What feeds a "near me" AI Overview for spas
Google's AI Overview answers "massage near me" or "best day spa near me" by drawing on your Google Business Profile data, the text and recency of your reviews, and how clearly your listing states the services you offer and the area you serve. It does not scan your whole website line by line the way a human reader would. It leans on structured, current, and specific information that is easy to match to the searcher's intent.
If your business profile is thin, outdated, or vague about services, the AI Overview has less to work with and is more likely to name a competitor whose information is easier to confirm and quote.
AI Overviews and zero-click search, explained plainly
An AI Overview is the summary Google generates at the top of search results, written by its AI model rather than linking straight to a single webpage. It often answers the question directly on the results page, which means the searcher never has to click through to any business's website. This is called zero-click search: the user gets their answer, and possibly a short list of businesses, without visiting a site at all.
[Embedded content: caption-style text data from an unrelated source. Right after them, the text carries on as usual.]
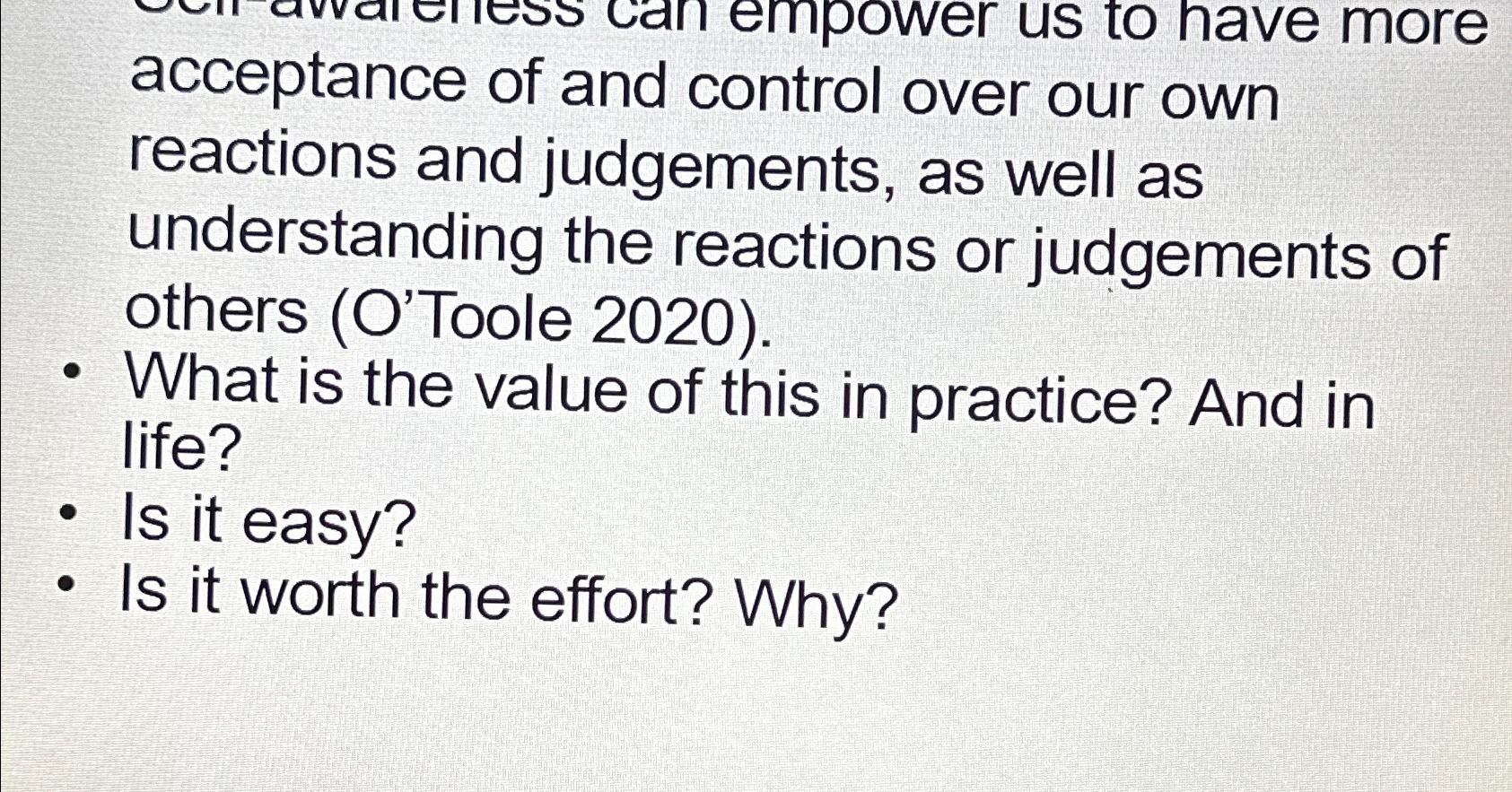 Solved acceptance of and control over our own reactions and | Chegg.com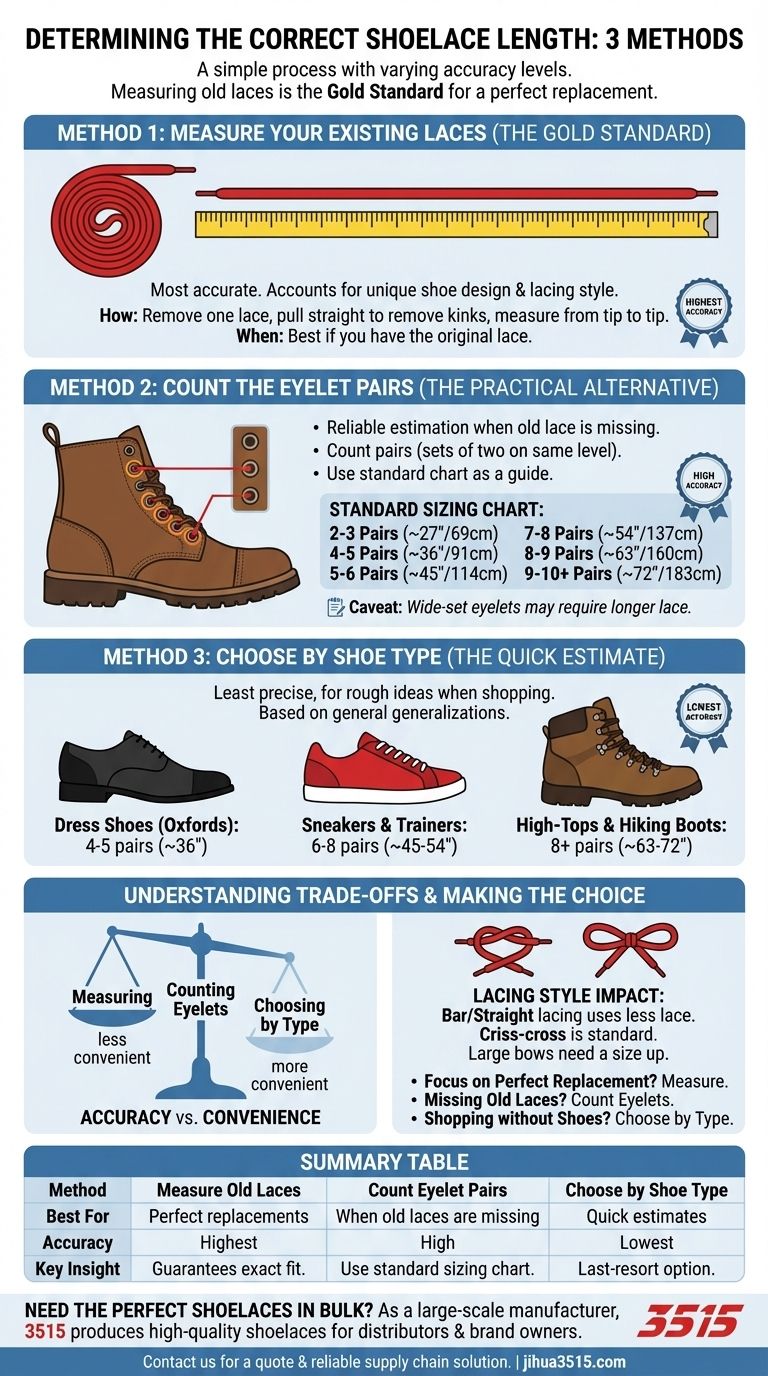 Каковы три способа определить правильную длину шнурков для ботинок и туфель? Добейтесь идеальной посадки Визуальное руководство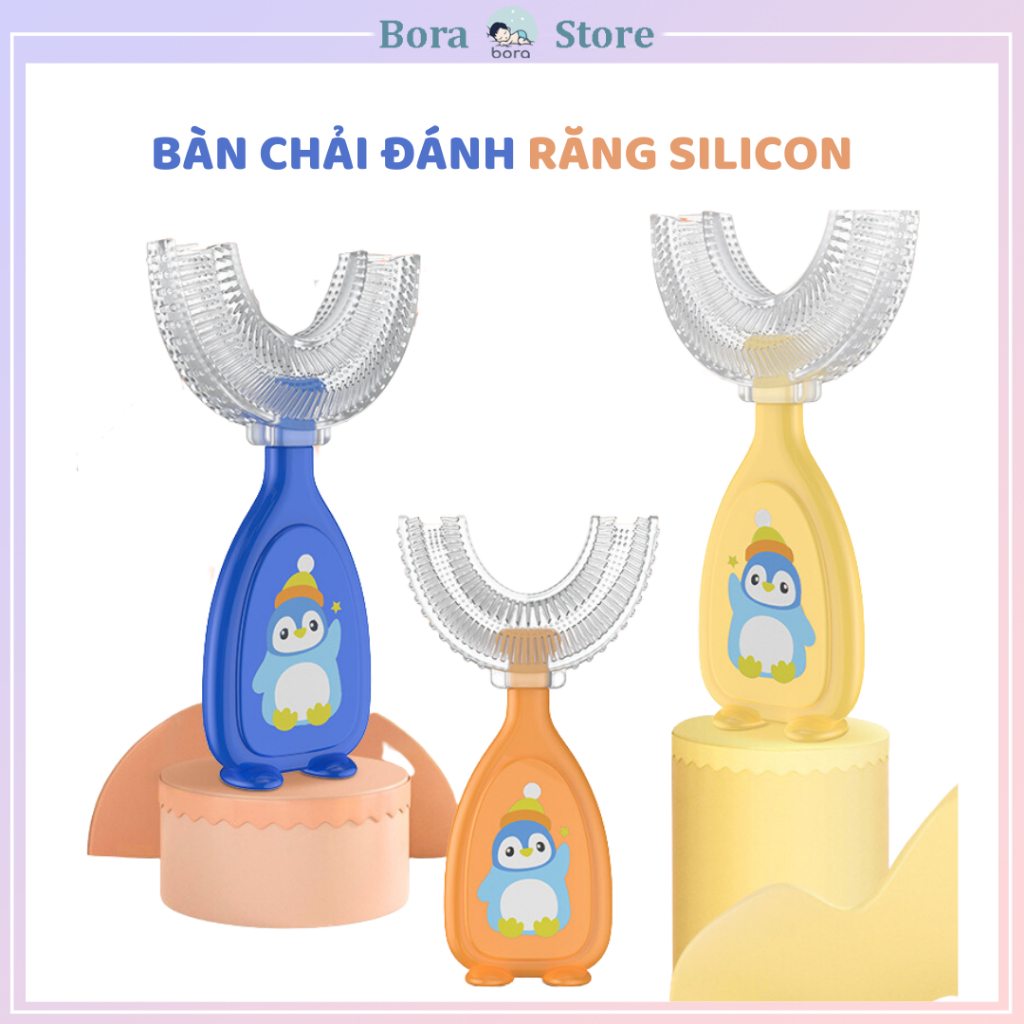 Bàn chải đánh răng cho bé chữ U silicon mềm mại cho bé 2-8 tuổi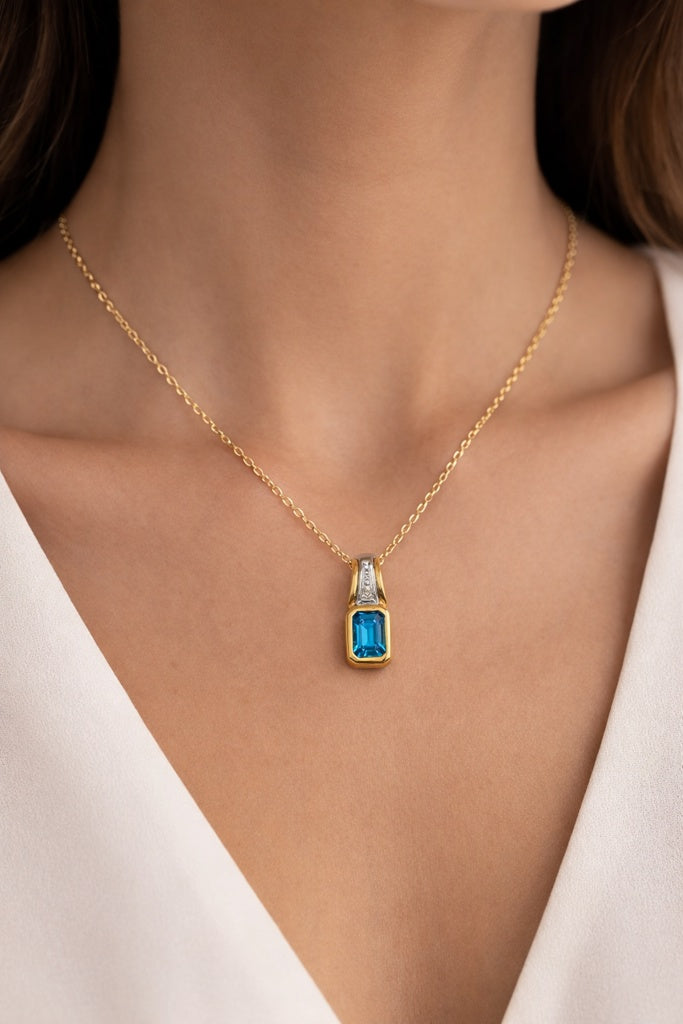 10K SQAURE SAPHIRO DIAMOND PENDANT – JY Jewelry Wholesale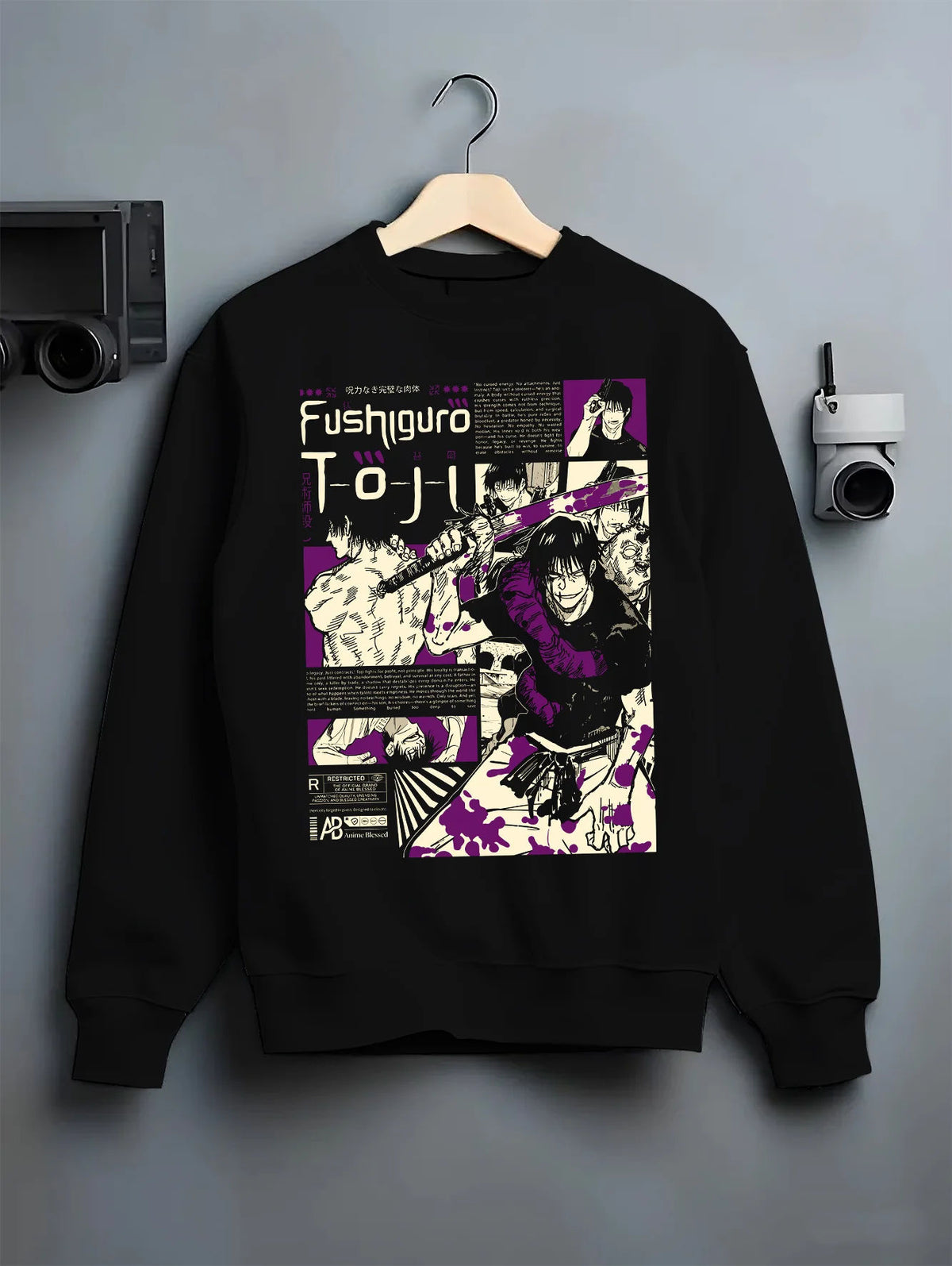 Black crewneck sweatshirt on hanger showing Toji Fushiguro from Jujutsu Kaisen: manga collage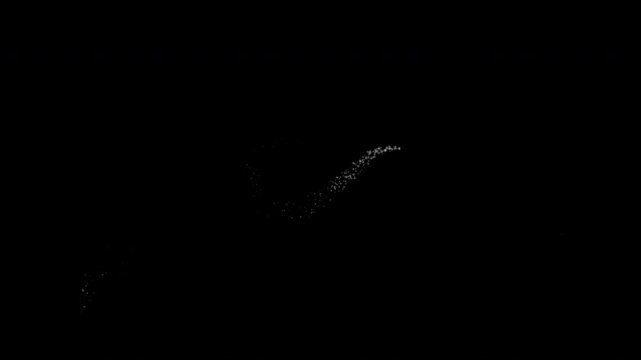 Collection of glowing white stardust trails with star particles. Isolated on a black background with an alpha channel.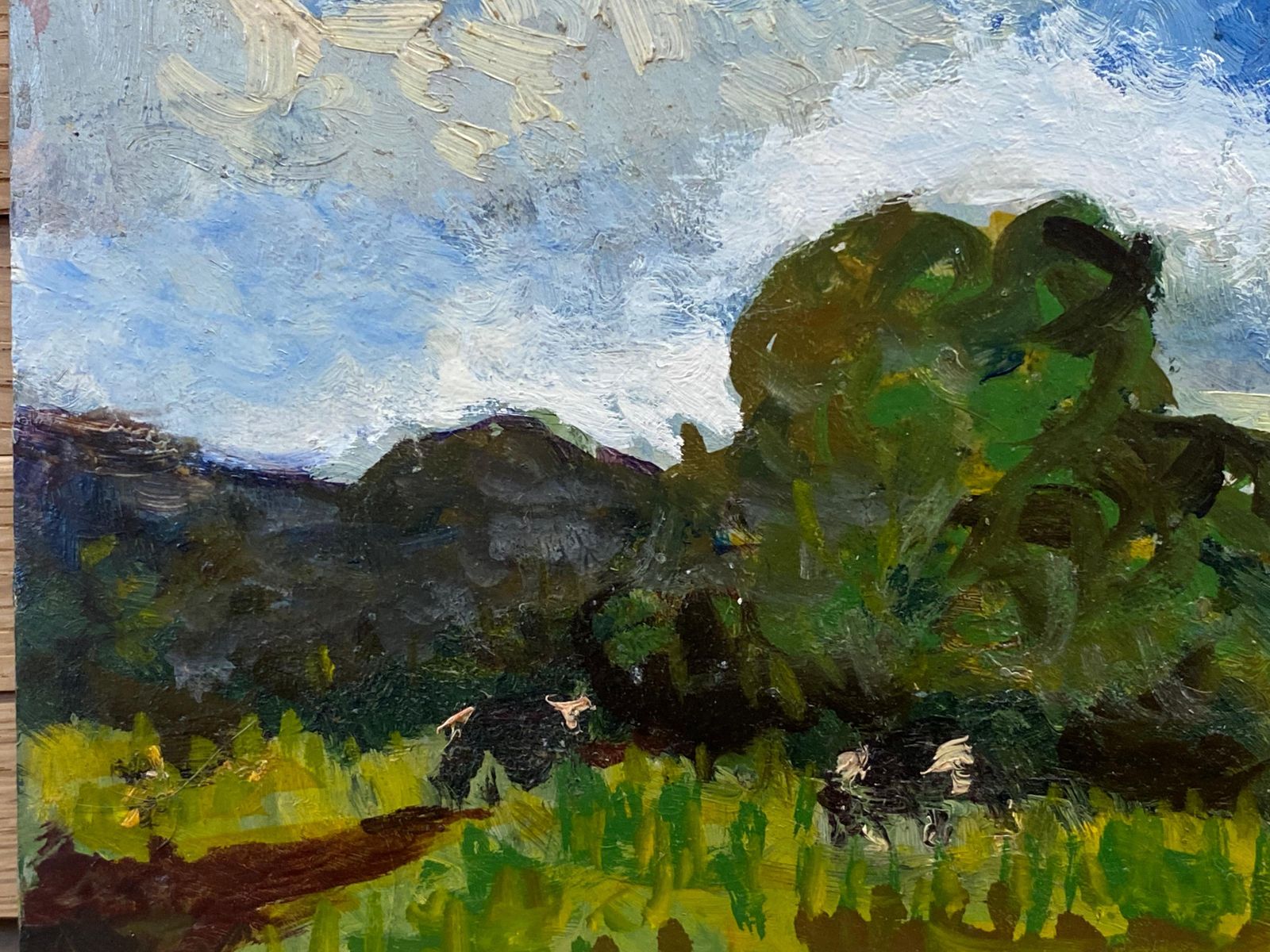 Unknownfrench Impressionist Oil, Pastoral Landscape Lush Green Fields21st Century photo Art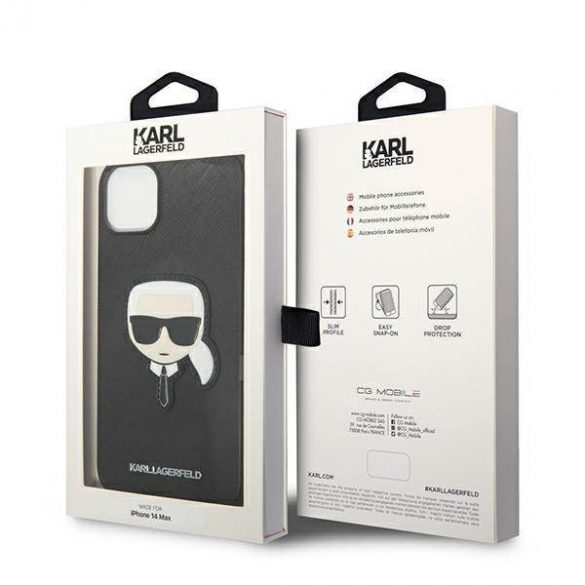 Karl Lagerfeld KLHCP14MSAPKHK iPhone 14 Plus / 15 Plus 6,7" carcasă rigidă/neagră Saffiano Karl's Head Patch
For a day spa, this changes what "being found" means. Ranking on page one used to guarantee some website traffic. Now, showing up inside the AI-written answer matters more than the website click, because that is where many searchers make their decision before they ever leave the search page.
Why your Google Business Profile and reviews carry so much weight
Your Google Business Profile is the single most direct source Google can verify in real time: your business name, address, phone number, hours, categories, photos, and posted updates. Reviews add a second layer of trust signal, since language customers use ("deep tissue," "prenatal massage," "couples package") often mirrors the exact phrases people type into search. Together, these two sources are what the AI Overview leans on most heavily when deciding who to name.
A profile with accurate hours, current photos, and a steady flow of reviews mentioning specific treatments gives Google concrete, recent detail to summarize. A profile last updated months ago, with generic reviews saying only "great service," offers far less for the AI Overview to confidently repeat. Consistency between your profile and what customers say about you matters as much as either one alone.
Why location and service specificity drive inclusion
AI Overviews match searcher intent to business detail at a fairly granular level: not just "spa," but "hot stone massage in your neighborhood" or "couples spa day near your landmark." A business that lists broad, vague categories like "wellness services" gives the AI Overview little to match against a specific query. A business that names its actual treatments, service area, and any specialties gives it much more to work with.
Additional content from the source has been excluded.